I eat a lot of tomatoes during the summer, slicing up large heirlooms to make BLTs and popping sweet cherry tomatoes into my mouth by the handful. They’re so good when they’re fresh, that I often don’t cook them before serving them, but I love roasted tomatoes and do manage to set enough aside from time to time to transform them into other delicious summer dishes. These Individual Cherry Tomato Crisps are a fun way to mix up the way you serve tomatoes when they are in season. Like fruit crisps, they’re topped with a crisp, flavorful topping that adds some great texture to the juicy cherries below.
Unlike a fruit crisp, of course, these crisps are savory. The tomatoes are lightly coated with olive oil before going into the ramekins and the topping is seasoned with garlic and Parmesan cheese. The topping is actually made with bread crumbs (or finely chopped bread cubes, if you want a more rustic look), which makes it extremely quick and easy to put together. The bread crumbs/cubes crisp up nicely in the oven. You can use any kind of sandwich bread, from white bread to whole wheat, or a more artisanal loaf, if that is what you have on hand.
As the name suggests, small cherry tomatoes are the best choice for this recipe. They fit nicely in the ramekins and the relatively short baking time is long enough for the tomatoes to become tender and sweet. Some of the tomatoes may burst while they bake, but most will hold their shape. If you don’t have small tomatoes on hand, you could use a slightly larger tomato (not sandwich-sized, however) and cut them in half, but keep in mind that they will release a lot more liquid during baking. They’ll still be tasty, but you’ll have a lot more juice to contend with! Serve these when they are still warm from the oven.

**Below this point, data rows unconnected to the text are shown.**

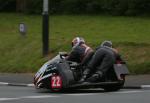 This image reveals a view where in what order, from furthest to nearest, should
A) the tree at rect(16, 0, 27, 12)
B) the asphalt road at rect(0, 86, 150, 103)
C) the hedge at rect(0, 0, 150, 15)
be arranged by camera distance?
the tree at rect(16, 0, 27, 12) < the hedge at rect(0, 0, 150, 15) < the asphalt road at rect(0, 86, 150, 103)

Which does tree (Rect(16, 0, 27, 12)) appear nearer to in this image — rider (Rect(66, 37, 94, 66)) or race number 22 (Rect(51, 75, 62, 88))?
rider (Rect(66, 37, 94, 66))

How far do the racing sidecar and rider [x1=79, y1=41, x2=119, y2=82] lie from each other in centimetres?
15

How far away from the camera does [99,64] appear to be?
70.6 ft

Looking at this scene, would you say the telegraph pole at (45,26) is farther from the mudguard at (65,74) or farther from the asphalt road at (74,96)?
the mudguard at (65,74)

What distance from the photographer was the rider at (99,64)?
21312 millimetres

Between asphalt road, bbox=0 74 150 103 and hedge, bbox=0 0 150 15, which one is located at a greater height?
hedge, bbox=0 0 150 15

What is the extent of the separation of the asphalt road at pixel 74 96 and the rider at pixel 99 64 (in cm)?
54

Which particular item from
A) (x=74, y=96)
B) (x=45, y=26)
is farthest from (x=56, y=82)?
(x=45, y=26)

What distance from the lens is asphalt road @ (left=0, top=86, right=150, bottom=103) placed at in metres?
18.3

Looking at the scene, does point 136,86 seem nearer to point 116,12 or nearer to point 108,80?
point 108,80

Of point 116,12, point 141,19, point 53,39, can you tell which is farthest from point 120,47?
point 116,12

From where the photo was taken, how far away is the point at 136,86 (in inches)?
918

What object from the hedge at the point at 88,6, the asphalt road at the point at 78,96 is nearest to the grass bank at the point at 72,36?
the hedge at the point at 88,6

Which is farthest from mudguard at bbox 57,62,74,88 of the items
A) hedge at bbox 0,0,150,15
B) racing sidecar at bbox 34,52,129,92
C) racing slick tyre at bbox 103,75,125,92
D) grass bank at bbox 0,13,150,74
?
hedge at bbox 0,0,150,15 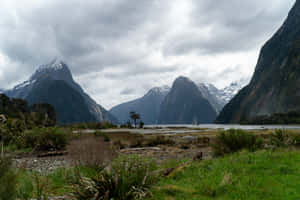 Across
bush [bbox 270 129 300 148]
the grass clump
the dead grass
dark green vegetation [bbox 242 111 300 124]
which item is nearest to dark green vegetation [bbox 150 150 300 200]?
the dead grass

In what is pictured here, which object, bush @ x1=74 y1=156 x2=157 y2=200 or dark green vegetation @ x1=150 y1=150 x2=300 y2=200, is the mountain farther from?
bush @ x1=74 y1=156 x2=157 y2=200

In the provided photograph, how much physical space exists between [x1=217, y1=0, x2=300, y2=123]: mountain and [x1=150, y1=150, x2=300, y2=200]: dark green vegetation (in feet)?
412

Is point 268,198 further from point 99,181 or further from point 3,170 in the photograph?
point 3,170

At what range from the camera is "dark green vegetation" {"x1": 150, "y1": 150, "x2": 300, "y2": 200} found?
4.50 meters

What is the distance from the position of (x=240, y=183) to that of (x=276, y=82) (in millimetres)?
154337

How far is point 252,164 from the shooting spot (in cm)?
670

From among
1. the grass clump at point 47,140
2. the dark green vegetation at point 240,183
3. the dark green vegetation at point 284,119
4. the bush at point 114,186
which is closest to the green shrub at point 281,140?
the dark green vegetation at point 240,183

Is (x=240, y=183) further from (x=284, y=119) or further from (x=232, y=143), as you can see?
(x=284, y=119)

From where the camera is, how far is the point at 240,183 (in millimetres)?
5051

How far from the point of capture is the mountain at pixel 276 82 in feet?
407

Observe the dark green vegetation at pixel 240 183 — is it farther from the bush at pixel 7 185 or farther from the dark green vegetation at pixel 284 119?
the dark green vegetation at pixel 284 119

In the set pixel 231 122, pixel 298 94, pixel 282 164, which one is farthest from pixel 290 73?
pixel 282 164

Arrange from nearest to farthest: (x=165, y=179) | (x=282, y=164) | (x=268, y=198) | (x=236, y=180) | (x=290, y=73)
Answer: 1. (x=268, y=198)
2. (x=236, y=180)
3. (x=165, y=179)
4. (x=282, y=164)
5. (x=290, y=73)

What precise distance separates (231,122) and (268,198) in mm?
184679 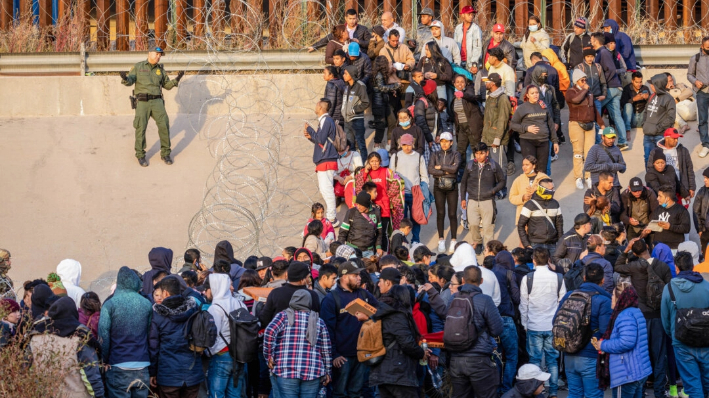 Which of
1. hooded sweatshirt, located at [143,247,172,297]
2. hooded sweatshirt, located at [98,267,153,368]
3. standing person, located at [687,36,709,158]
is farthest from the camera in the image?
standing person, located at [687,36,709,158]

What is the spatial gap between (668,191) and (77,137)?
30.9ft

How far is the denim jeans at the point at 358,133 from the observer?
15.0m

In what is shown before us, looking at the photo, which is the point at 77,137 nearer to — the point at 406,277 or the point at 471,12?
the point at 471,12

Individual Cherry Tomato Crisps
12-oz cherry tomatoes (approx 2 cups)
4 tbsp olive oil, divided
2 slices sandwich bread
1/4 cup Parmesan
1/2 tsp garlic powder
1/4 tsp salt
Preheat oven to 375F. Place 4 8-oz ramekins on a baking sheet.
In a medium bowl, toss together cherry tomatoes and 2 tbsp olive oil. Divide tomatoes evenly into ramekins (approx 1/2 cup per ramekin)
Finely chop bread into small cubes or whizz in a food processor until bread is turned into breadcrumbs. Place bread in a large bowl and toss with remaining olive oil, garlic powder, Parmesan cheese and salt.
Pack the bread crumb mixture on top of the tomato-filled ramekins.
Bake for 15-19 minutes, until bread is browned. Some tomatoes will burst, all will be tender. Allow to cool slightly before serving.